Diese Vision stärkt ihn, erfüllt ihn ganz und gar. Bestätigt, was er glaubt. Bestätigt, warum er nicht aufhören kann weiterzureden. Auch wenn es sein Schicksal besiegelt.

Wunsch nach eigener Überzeugung

Stephanus ist ganz klar. Er ist sich so sicher in seinem Glauben. Das finde ich bewundernswert. Oft wünsche ich mir, dass ich Sachen auch so klar sehe, so überzeugt von meinen Ansichten bin. Sowohl im Glauben als auch in politischen und Lebens-Fragen. Ich wünsche mir, dass ich erkenne, was richtig ist, was gut ist und was wahr ist.
Und dann für diese Überzeugung, für meine Erkenntnis auch einstehen zu können, weil ich mich damit auseinandergesetzt habe, weil ich mir Gedanken gemacht habe und für mich zu einer Entscheidung gekommen bin. Andere davon überzeugen, weil ich selbst überzeugt bin. Aber auch auszuhalten, dass andere zu einer anderen Entscheidung gekommen sind.

Himmel offen als Stärkung

Allerdings will ich nicht ans Äußerste gehen wie Stephanus. Ich bin eher Typ „Kompromiss finden“.
Und da wünsche ich mir bei dem vielen Durcheinander hin und wieder, dass ich den Himmel auf meine Weise offen sehe. Dass ich ein Stückchen von der Herrlichkeit Gottes sehen darf. Nicht so dramatisch mit Steinigung, lieber
– als Bestärkung, dass ich Spannung aushalten kann, wo ich anderer Meinung bin als meine Mitmenschen.
– Als Unterstützung, wenn meine Begeisterung nicht auf ein Echo trifft.
– Als Rückbesinnung, dass mein Glaube mir Hoffnung gibt, wenn es mal wieder düster aussieht.

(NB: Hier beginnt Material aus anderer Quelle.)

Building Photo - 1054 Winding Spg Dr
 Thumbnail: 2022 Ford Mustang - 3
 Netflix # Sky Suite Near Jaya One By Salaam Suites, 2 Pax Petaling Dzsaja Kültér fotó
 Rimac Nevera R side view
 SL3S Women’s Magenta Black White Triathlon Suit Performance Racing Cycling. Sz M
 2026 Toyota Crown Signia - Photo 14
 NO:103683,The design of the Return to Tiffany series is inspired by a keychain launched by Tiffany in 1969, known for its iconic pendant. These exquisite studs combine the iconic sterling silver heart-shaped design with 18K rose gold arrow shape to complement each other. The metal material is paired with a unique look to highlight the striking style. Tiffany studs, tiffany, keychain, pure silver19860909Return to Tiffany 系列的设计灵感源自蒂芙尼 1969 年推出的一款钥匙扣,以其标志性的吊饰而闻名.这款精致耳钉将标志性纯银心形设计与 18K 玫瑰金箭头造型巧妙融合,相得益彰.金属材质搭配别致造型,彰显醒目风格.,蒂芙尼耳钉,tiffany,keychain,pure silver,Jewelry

Himmel offen an Weihnachten

Weihnachten ist für mich so ein Tag, an dem der Himmel offen ist. Gottes Herrlichkeit wird greifbar im Kind in der Krippe.

Ich wünsche Ihnen, dass der Himmel sich für Sie immer wieder öffnet, nicht nur an Weihnachten.
Dass Sie ihn auf Ihre Weise offen sehen, wenn Sie es brauchen.
Wenn Sie Rückversicherung brauchen, was Sie im Leben tragen kann.
Nehmen Sie das Bild gern mit nach Hause. Gerne dürfen Sie es verschenken, aber auch selbst behalten. Und vielleicht kann dieses Stück vom Himmel Ihnen helfen, die Herrlichkeit Gottes immer wieder zu sehen.
AMEN.

Das Video entstand im Gottesdienst am 26. Dezember in der St. Stephanuskirche in Kusterdingen

Ein Gedanke zu „Ich sehe den Himmel offen

  1. Liebe Eva,
    für mich ist das eine wunderbare Predigt. Sie weitet mein Verständnis von ‚Himmel‘. Die vielen Himmelsbilder sprechen eine deutliche Sprache und weisen auf das gegenseitige Verstehen hin, ohne die eigene Überzeugung verlieren zu befürchten. Toll die Herleitung via St. Stephanus.